Data Entrepreneurship – Why I Started The Training Data Project

Data Entrepreneur [definition]: Someone who helps others uncover truth, meaning, and opportunity in data.


Have you ever been in a situation where you thought, “If only we only had this, there is so much more we could do”? Working both in government and now supporting the Defense and Intelligence Community, I’ve been there many times in my career. About 25 years ago, I got the chance to explore one of those “if only” scenarios with some early advanced analytics while in graduate school at Carnegie Mellon in Pittsburgh.

I can still recall that cold October day, sitting in a stuffy computer lab, when my professor asked if anyone was interested in a project working with the Pittsburgh Police. We aimed to explore new and innovative ways to fight crime using GIS (Geographic Information Systems) and other spatial analytical models and tools, including machine learning. It was supposed to be just a semester assignment, but trust me, it was much more than that.

That semester, I launched a career and a personal mission. Every morning, I couldn’t wait to get to work. I read everything, experimented with as many different analytical methods as possible, and had the good fortune to work with some pioneers in spatial and statistical modeling.
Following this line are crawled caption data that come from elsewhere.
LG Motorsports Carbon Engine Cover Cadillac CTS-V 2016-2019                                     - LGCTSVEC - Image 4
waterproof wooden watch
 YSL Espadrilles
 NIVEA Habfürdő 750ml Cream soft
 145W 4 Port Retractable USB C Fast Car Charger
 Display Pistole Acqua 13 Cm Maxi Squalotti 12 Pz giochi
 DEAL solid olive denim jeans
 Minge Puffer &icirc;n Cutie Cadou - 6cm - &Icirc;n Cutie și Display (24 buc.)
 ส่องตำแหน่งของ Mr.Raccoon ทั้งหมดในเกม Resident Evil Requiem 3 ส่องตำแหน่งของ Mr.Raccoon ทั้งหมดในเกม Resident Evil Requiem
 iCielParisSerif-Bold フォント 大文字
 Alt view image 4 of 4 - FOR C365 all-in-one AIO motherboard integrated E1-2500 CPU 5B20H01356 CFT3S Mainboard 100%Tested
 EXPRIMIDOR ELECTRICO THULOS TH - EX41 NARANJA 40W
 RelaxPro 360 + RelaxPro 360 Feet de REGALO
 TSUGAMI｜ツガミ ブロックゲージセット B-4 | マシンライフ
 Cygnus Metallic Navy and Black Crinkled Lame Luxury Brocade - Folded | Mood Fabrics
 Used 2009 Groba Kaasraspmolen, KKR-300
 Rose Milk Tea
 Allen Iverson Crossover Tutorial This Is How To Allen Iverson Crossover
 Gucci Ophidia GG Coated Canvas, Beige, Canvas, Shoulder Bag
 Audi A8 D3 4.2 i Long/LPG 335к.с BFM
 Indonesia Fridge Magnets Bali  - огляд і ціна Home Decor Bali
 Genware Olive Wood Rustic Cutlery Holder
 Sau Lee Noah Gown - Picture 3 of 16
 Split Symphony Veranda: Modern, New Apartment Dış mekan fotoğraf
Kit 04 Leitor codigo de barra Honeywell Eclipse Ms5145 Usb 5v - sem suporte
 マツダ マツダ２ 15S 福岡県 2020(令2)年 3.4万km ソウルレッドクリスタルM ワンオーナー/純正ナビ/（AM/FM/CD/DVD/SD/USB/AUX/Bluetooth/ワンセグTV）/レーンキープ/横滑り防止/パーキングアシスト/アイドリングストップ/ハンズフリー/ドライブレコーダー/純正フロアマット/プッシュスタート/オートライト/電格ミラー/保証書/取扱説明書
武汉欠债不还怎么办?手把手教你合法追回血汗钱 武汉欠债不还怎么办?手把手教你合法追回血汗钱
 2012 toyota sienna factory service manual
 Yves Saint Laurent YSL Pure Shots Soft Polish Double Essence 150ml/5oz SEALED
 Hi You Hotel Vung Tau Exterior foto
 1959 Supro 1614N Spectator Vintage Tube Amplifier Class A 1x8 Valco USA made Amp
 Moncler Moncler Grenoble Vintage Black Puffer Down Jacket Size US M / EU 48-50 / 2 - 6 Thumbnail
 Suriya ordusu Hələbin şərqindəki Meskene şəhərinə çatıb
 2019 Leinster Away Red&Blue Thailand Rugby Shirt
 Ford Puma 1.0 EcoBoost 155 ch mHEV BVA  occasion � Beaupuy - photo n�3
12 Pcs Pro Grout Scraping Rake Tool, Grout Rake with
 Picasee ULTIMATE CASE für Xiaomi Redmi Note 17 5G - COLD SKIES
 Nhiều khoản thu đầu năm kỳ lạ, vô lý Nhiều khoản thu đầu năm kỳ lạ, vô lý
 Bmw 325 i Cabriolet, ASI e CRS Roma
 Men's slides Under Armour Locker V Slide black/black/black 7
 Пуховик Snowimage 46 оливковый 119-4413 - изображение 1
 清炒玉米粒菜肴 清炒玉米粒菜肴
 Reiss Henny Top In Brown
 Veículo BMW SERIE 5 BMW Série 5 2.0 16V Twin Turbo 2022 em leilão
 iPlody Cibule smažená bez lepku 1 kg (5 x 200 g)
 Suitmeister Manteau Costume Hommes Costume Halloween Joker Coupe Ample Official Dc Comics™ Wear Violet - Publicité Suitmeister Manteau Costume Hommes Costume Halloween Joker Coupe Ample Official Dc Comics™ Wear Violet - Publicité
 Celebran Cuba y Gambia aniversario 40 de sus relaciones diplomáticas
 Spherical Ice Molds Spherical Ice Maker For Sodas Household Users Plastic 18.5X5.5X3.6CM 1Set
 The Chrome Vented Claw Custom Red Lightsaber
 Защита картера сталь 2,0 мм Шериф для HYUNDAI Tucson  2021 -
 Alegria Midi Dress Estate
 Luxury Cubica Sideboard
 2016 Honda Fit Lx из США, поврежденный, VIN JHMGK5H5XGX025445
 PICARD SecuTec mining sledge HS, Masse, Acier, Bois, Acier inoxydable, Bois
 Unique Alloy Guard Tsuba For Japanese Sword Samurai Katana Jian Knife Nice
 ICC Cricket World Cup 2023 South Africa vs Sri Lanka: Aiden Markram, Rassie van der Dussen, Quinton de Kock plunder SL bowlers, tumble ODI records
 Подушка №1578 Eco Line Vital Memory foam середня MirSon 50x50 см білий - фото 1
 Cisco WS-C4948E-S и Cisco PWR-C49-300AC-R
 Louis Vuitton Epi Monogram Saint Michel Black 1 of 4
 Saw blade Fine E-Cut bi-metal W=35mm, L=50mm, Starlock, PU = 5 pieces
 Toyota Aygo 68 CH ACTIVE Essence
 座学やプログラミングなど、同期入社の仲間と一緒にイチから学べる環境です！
After I graduated, I went into law enforcement and public safety just so I could make a direct, positive impact in my community. At the heart of that impact was data.

Good data to power our models was crucial but also scarce. I knew that to make a difference, I had to get as close to the data as possible. Like many of my colleagues, I always thought- “…if only I had access to more and better data.” Data was fuel, and behind each piece of data was a person.


Fast forward to today. Technology has come a long way. We’re now living in the Age of AI, and along with open-source tools and methods, the possibilities are endless. It’s an exciting time, and I can’t wait to see what the future holds.

In the age of Human-Machine Teaming (HMT), the importance of data has only grown. Years ago, we needed much more storage, available compute, and easy deployment to the edge. Nowadays, we have all of that. However, there’s still a constant challenge with data.

High-quality training data that can fuel our HMT work is forever hard to find. It’s a serious roadblock for many government and commercial entities. Training data can drive innovation. However, there is never enough of it. Current data labeling initiatives often suffer from limited budgets, proprietary platforms, and a lack of standards, strategy, and interoperability. Finding and nurturing a diverse workforce that can perform labeling tasks fairly and equitably is also a challenge. This creates a lack of trust in the entire data labeling process.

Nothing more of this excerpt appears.